The 86th Street Company received the unimproved property from Le Grand K. Petit with a mortgage of $90,000 on it. A building loan of $1,250,000 at 6% was secured from the Metropolitan Life Insurance Company on March 10, 1902. Afterward the 86th Street Company mortgaged the property for $1,365,000 at 6%, due October 1, 1903, to the General Building and Construction Company. John R. & Oscar L. Foley leased Bretton Hall to Anderson & Price for twenty-one years for a price of $2,394,000, for Irons & Todd, who comprised the Seaboard Realty and 86th Street Companies.

In the early 1980s, an organization called Artists Assistance Services rented apartments in the Bretton Hall at lower prices to people in the arts. A proviso was that they would have to share their spaces with a "cultural activity", such as a karate class. The building sits across the street from the Riverside-West End Historic District and one block west of the Upper West Side/Central Park West Historic District and is not landmarks protected.

==Architecture==
When it opened in late 1903, the apartment hotel was fireproof and equipped with an electric
plant and six elevators. It had a deckhouse and basement. The structure contained 187 suites, 506 rooms, 231 baths, and 385 toilet rooms. It fronted Broadway for 205 ft and 85th Street for 100.11 ft. Its rear measurement was 204.4 feet. Plans for Bretton Hall were filed on June 7, 1902 with an estimated cost of construction of $1,550,000.
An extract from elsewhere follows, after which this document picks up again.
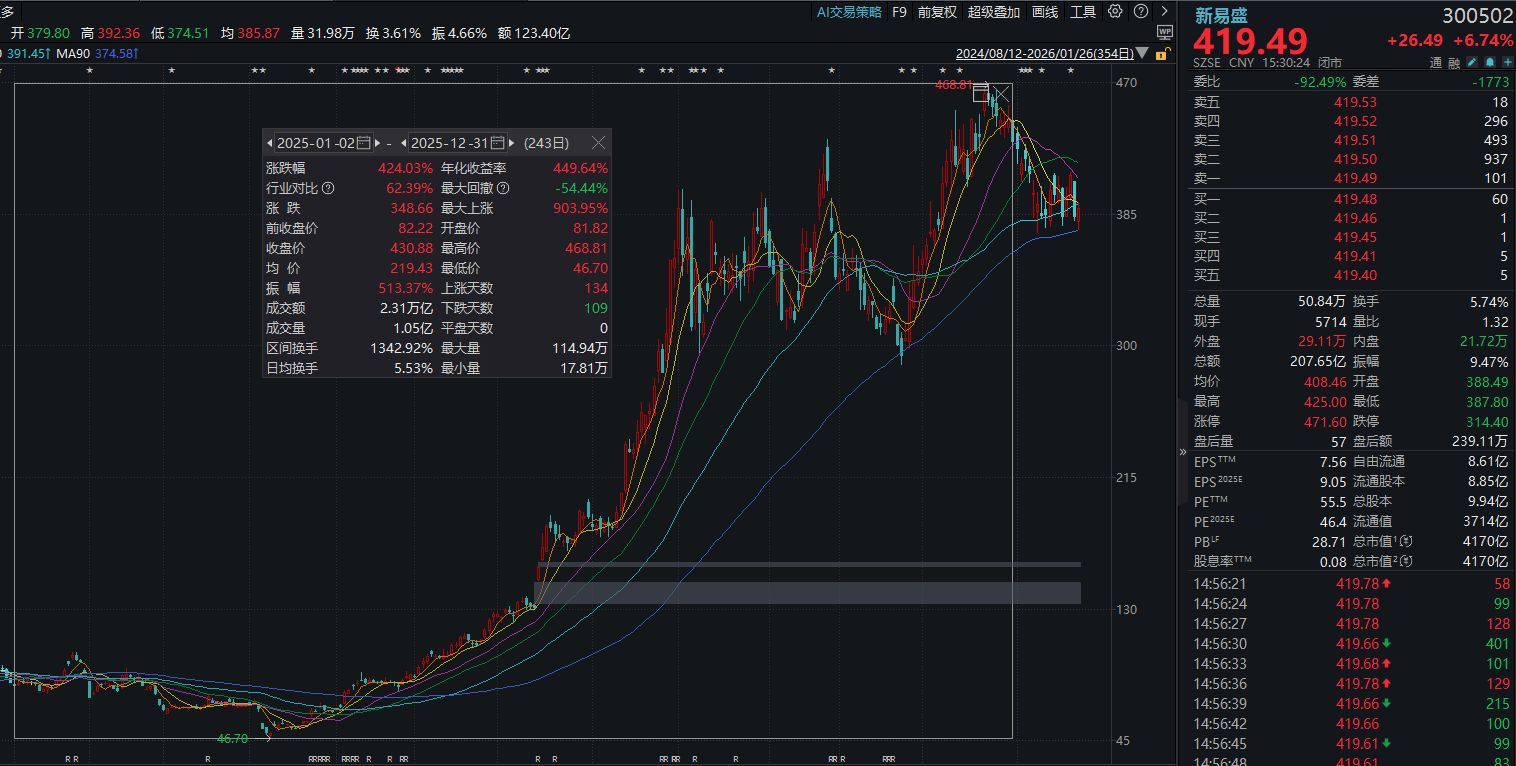 超机构预期！光模块龙头新易盛预计2025年归母净利润94亿元~99亿元，Q4环比最高预增50%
The New York Produce Exchange Bank opened a branch at the Bretton Hall Hotel in November 1903. They leased offices in the edifice for a period of ten years, for an annual rental between $2,500 to $3,500. It was subsequently acquired by investor Benjamin Winter, Sr., who lost it in 1932 during the Great Depression, after filing for bankruptcy.
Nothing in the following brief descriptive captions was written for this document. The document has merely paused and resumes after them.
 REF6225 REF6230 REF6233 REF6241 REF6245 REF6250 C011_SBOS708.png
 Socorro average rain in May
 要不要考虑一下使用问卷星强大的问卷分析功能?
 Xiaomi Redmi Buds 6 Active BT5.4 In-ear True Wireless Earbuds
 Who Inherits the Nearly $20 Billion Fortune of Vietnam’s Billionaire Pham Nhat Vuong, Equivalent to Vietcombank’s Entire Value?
In the early 21st century, the red brick and limestone building has 461 rental apartments. Its facade employs cornerstones repeatedly, particularly above the central bay above the Broadway entrance. It has a large stainless steel marquee and a four-step-up entrance with a disabled ramp side approach. It is without a garage, sidewalk landscaping, health club, or roof deck. Bretton Hall employs a concierge. The building features ornamental balconies and other architectural attributes. Its fenestration
is haphazard. Its facade exemplifies Beaux Arts architecture, yet it lacks the elaborate cornice it originally had. It was lost many years ago. Architect J.C. Calderon has redesigned the parapet in red brick with stone put down in alternating stripes. The restoration of the building cost $1,000,000.

== Media ==
Ambient producer Tetsu Inoue had a studio in this building, and its address lent itself to a series of albums produced by him and Pete Namlook.